**LISTED RECORDS**.

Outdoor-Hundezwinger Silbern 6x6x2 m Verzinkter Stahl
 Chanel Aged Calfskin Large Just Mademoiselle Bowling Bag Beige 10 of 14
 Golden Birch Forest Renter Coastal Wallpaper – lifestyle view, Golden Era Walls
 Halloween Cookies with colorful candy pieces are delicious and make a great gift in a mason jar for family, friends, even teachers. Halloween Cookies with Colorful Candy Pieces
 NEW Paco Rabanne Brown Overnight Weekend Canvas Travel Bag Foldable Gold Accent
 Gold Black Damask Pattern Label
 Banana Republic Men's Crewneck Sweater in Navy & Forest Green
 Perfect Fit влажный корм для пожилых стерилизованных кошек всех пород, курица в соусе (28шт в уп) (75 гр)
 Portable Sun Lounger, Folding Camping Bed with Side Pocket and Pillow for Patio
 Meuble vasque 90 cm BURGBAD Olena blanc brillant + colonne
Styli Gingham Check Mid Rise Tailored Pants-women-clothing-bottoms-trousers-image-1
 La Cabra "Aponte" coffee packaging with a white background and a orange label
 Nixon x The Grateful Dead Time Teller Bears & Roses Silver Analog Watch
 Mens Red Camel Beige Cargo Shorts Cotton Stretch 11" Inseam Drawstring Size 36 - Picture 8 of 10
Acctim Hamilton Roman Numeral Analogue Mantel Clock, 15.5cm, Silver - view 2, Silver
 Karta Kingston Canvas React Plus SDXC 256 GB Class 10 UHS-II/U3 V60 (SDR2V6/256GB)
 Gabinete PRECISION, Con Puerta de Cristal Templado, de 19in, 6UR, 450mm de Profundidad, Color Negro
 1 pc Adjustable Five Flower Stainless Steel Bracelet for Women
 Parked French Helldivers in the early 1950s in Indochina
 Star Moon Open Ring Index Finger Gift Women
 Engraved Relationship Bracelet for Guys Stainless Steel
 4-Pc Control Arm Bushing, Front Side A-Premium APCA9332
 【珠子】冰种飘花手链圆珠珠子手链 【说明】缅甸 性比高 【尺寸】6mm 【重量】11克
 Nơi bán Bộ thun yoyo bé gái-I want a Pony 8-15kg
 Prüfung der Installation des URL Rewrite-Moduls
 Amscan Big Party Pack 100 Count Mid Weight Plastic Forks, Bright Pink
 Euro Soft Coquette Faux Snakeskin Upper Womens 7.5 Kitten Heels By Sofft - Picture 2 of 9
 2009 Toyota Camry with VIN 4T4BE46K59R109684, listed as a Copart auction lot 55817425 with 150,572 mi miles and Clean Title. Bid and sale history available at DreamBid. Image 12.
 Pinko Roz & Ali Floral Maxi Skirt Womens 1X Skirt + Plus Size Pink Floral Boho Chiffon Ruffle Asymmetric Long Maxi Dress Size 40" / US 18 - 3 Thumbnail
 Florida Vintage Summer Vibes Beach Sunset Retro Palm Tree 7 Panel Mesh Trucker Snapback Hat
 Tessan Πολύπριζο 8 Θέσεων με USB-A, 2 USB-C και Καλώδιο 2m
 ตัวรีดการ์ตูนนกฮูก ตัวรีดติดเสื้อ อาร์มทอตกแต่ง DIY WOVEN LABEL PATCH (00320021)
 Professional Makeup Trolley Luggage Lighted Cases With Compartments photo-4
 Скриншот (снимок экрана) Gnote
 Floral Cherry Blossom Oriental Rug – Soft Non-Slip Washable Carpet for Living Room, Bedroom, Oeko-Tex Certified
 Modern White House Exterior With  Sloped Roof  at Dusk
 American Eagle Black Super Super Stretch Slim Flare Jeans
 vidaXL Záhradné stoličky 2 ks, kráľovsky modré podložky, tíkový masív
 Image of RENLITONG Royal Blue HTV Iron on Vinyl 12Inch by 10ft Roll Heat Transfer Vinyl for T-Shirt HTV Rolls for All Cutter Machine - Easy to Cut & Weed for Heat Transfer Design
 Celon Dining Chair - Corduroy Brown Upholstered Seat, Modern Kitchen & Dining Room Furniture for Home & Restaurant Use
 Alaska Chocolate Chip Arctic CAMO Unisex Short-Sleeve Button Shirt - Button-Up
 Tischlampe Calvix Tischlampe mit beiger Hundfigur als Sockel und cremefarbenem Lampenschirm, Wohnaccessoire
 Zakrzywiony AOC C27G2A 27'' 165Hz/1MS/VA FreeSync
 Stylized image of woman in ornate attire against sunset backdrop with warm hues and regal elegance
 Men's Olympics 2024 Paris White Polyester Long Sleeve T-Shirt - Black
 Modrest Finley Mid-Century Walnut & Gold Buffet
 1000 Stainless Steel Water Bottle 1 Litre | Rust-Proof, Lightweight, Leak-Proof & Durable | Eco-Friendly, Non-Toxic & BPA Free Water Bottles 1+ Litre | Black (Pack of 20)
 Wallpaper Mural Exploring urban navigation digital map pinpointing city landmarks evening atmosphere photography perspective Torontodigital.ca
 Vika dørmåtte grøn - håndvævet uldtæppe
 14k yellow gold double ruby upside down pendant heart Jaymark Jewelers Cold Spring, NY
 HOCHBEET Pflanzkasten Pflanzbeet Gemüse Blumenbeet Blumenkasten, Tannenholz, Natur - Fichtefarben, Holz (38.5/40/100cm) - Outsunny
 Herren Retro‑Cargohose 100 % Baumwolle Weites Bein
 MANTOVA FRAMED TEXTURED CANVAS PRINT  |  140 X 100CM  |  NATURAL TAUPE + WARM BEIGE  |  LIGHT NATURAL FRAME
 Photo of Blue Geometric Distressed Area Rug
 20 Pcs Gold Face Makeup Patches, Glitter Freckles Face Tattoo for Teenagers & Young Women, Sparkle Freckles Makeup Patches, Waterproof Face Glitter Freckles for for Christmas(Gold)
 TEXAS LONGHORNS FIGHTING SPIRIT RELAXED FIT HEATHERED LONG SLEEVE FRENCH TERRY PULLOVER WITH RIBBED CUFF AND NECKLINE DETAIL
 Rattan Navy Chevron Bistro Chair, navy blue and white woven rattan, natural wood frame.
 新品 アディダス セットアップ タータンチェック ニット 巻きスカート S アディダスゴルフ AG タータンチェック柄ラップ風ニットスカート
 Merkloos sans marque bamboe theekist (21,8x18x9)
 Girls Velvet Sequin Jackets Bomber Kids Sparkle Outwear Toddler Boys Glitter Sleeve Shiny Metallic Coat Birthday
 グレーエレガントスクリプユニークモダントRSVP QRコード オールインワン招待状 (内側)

**TASK GOAL**. From the line containing "20 Pcs Gold" down to the last line of the records above, print every line exactly, with both ends kept.

**COMPLETED EXERCISE**.
 20 Pcs Gold Face Makeup Patches, Glitter Freckles Face Tattoo for Teenagers & Young Women, Sparkle Freckles Makeup Patches, Waterproof Face Glitter Freckles for for Christmas(Gold)
 TEXAS LONGHORNS FIGHTING SPIRIT RELAXED FIT HEATHERED LONG SLEEVE FRENCH TERRY PULLOVER WITH RIBBED CUFF AND NECKLINE DETAIL
 Rattan Navy Chevron Bistro Chair, navy blue and white woven rattan, natural wood frame.
 新品 アディダス セットアップ タータンチェック ニット 巻きスカート S アディダスゴルフ AG タータンチェック柄ラップ風ニットスカート
 Merkloos sans marque bamboe theekist (21,8x18x9)
 Girls Velvet Sequin Jackets Bomber Kids Sparkle Outwear Toddler Boys Glitter Sleeve Shiny Metallic Coat Birthday
 グレーエレガントスクリプユニークモダントRSVP QRコード オールインワン招待状 (内側)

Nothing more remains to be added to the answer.